Dans ce nouveau contexte, quel est le rôle des agences ?
B.G.
La logique globale du «mix» reste l'apanage de l'annonceur. Mais les
agences aussi font et doivent continuer à faire, à leur niveau, un
travail d'intégration. Intégration autour de la marque pour définir un
sens cohérent dans la durée, intégration entre les canaux pour maximiser
l'efficacité. Au final, c'est toujours par le sens donné à la marque,
par l'identification d'un objectif clair, que l'on trouve la meilleure
façon de fédérer les moyens dont on dispose. Face à cette complexité
accrue, les marques n'ont jamais eu autant besoin des agences
qu'aujourd'hui pour réussir à émerger. Or, l'efficacité de la relation
entre annonceur et agence nécessite un partenariat dans la durée qui
permet de se connaître et de s'investir à moyen terme pour trouver des
idées nouvelles sans que la rentabilité soit forcément immédiate. La
rentabilité des uns et des autres passe par cette capacité à construire
ce véritable partenariat.
Mais la production d'opérations digitales est chronophage et souvent peu rentable pour les agences…
B.G.
C'est vrai, aujourd'hui le numérique est loin d'être rentable tant du
côté des annonceurs que des agences. Il s'agit pour chacun d'intégrer
les évolutions et d'investir pour l'avenir. Nous sommes encore souvent
en phase de découverte et d'apprentissage. D'où la nécessité d'avoir une
partenariat global qui permette de construire une relation
gagnant-gagnant. Cela ne peut se faire sans payer ses agences
correctement. Il est de la responsabilité des annonceurs d'avoir une
politique de rémunération, cohérente avec leur niveau d'exigence. Tout
comme il est bon que les agences intègrent de nouvelles logiques, de
nouvelles compétences. L'initiative de l'AACC, qui travaille sur le
Start Up Project [programme de soutien à des start up innovantes], va
tout à fait dans ce sens. Plus largement, l'enjeu pour les agences est
de jouer un rôle de pivot et de coordination des différents métiers
spécialisés et des différents canaux, et ce, en se focalisant
prioritairement sur le sens et non sur les tuyaux.

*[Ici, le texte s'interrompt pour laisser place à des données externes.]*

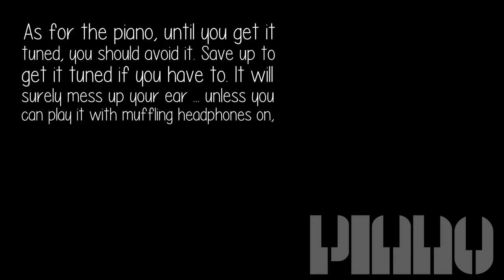As for the piano, until you get it tuned, you should avoid it. Save up to get it tuned if you have to. It will surely mess up your ear, unless you can play it with muffling headphones on so you can ignore the sound until you get it tuned. But get a pitch pipe.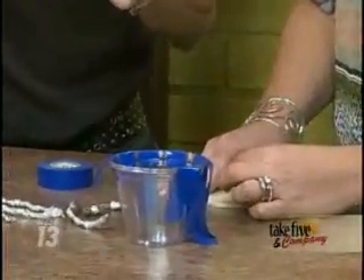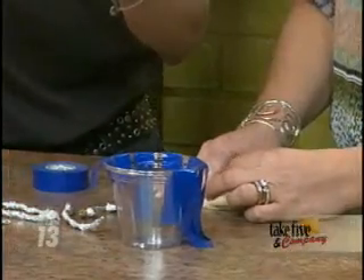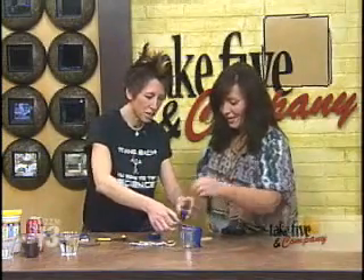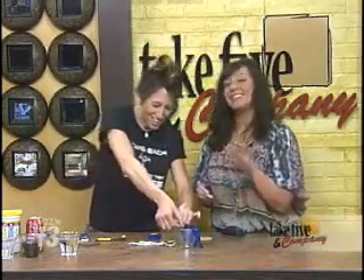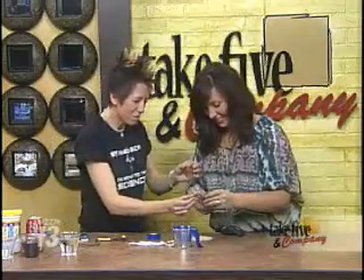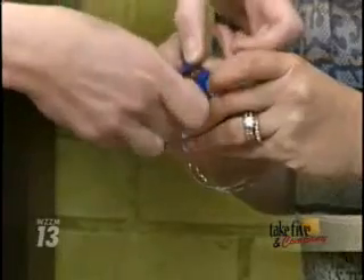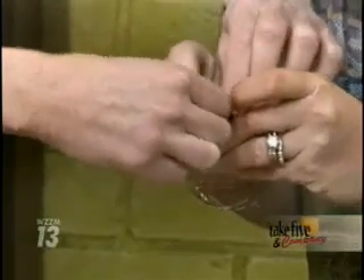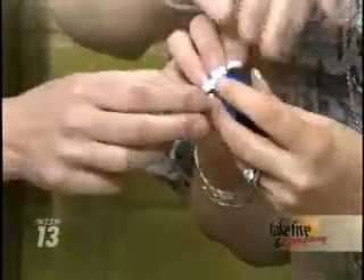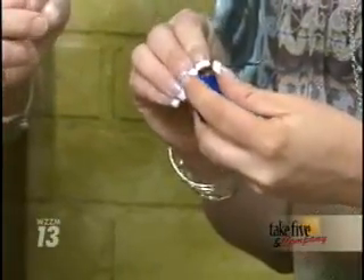You're going to take the battery. The first thing you want to do is strip the coating on the wire. Take one of the wires and tape it — I already have pre-cut tape, so I'll hand you the tape, you take the battery. We're going to make this as easy as possible. So you're going to take one of the wires and tape it to the positive terminal, right there. Hold that there.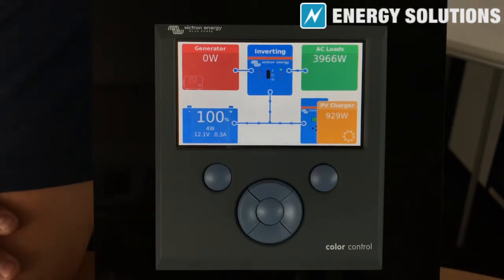This feature allows you to set the generator to run for a specified length of time repeatedly at set intervals. This is useful in an off-grid system, for example, where the generator will not be running frequently. Setting a periodic test run will ensure that the generator comes on once a week at a set time for a set duration, ensuring the generator is running as it should, as well as charging the batteries and resynchronizing the battery monitor and the system.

Ces changements de fond se traduiront-ils par une accélération du transfert des budgets au profit du numérique?
B.G.
Demain, on ne dira plus "numérique ou pas numérique". Avec la TV
connectée ou les liens entre TV et tablettes, par exemple, on ne se
posera pas la question en ces termes. Tout sera numérique et numérisé,
tout sera relié. Déjà aujourd'hui, pour un annonceur, le problème n'est
pas de répartir un budget a priori, mais de trouver le mélange le plus
efficace en fonction de l'objectif auquel il doit répondre et de la
nature de sa concurrence. Dans le cadre d'enveloppes budgétaires
fermées, cela contraint parfois à faire des arbitrages sur des media
complémentaires. Ces arbitrages dépendent avant tout de la nature de
l'opération et du registre utilise par l'annonceur concerné.
Mais
les marques, toujours plus présentes sur le Web, ont-elles réellement
pris la mesure de l'importance de maîtriser leur e-réputation?
B.G.
Le décalage entre le discours émis et l'expérience consommateur est de
moins en moins admis, du fait du droit de réponse en quelque sorte
offert à l'internaute via les réseaux sociaux. C'est en soi une
révolution pour les marques. La prise de conscience est réelle chez les
annonceurs, ne serait-ce que parce que les retours via les médias
sociaux sont bel et bien là. Et il y aura toujours un décalage entre le
discours et la réalité du terrain, même si notre travail est de le
réduire au maximum. De toute évidence, les annonceurs doivent réfléchir à
des politiques de communication de crise liée à l'e-réputation bien
plus qu'ils ne l'ont fait jusqu'à présent.